Inspiration can be found anywhere, and in my work I always aim to pay homage to the beauty that comes from the four corners of the world. ‘Monsoon’, a wallpaper I designed as part of my collection with Christopher Farr, is one such design where its inspiration truly touched me.
A graphic grasscloth wall covering, the idea for ‘Monsoon’ truly came to life in the tribal villages of Hazaribagh in northeastern India.
In Hazaribagh, mud homes are adorned with lyrical, graphic murals known as Khovar. These designs are painted by the women of the village as part of a traditional annual ritual symbolising fertility and taking place each spring during the tribe’s marital season.
The technique in which these wonderfully figurative scenes are painted is called ‘sgraffito’. A layer of dark charcoal earth is applied to the exterior of the mud homes and left to dry. The walls are then covered with a pale kaolin clay. Before this coat of lighter coloured earth dries, the women use their hands to brush and scrape away the lighter earth, turning the walls of their homes into large folkloric canvases.

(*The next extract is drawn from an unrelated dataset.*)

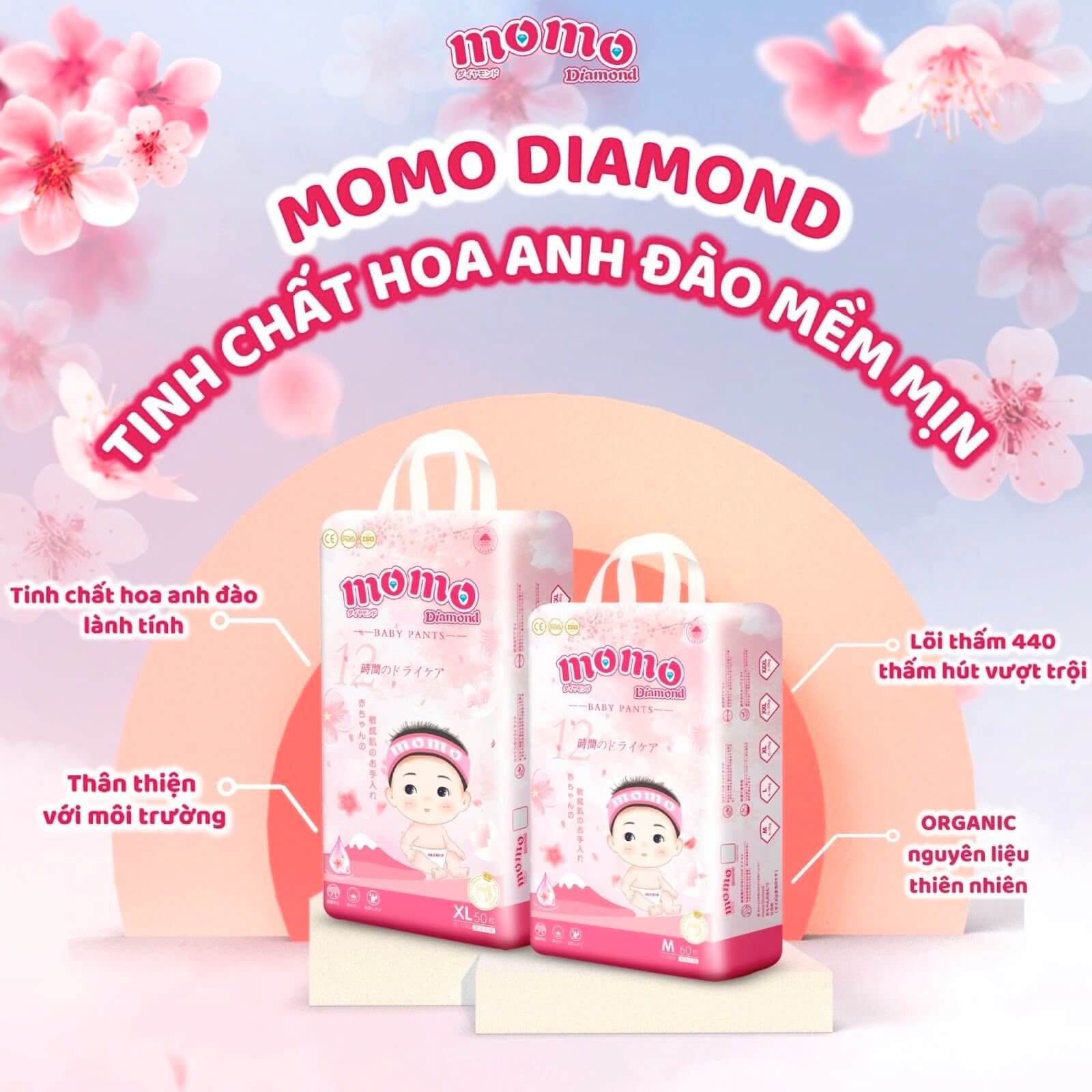 Bỉm Momo Diamond hình 1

I was drawn to the scale of the black and white silhouettes, rich with expression and raw beauty, but I was also touched by the transience of the pieces. Every year when the annual monsoon rains arrive, the murals are washed away, leaving behind a blank canvas for the year to come: hence the name of my Christopher Farr wallpaper. Their ephemeral quality made these murals all the more special and it inspired me to create a wallpaper to pay tribute to these artworks with their short life span.
‘Monsoon’ comes in three colour ways, a subtle Ecru, a cobalt blue and a more traditional charcoal colourway. I chose to print ‘Monsoon’ on a grass cloth to provide a more raw and textural background rather than a traditional wallpaper.
We used ‘Monsoon’ in our Lafayette dining room at Crosby Street Hotel in Manhattan. In windowless rooms, I always love to transport people and allow them to step into another world. I paired the wallpaper with a set of vintage maps in perspex lining one wall and a neoclassical gilded mirror to bring an eclectic touch to the room.
I hope this post transports you across lands and oceans as it did for me when I first discovered the wonders of the painted forest villages of Hazaribagh.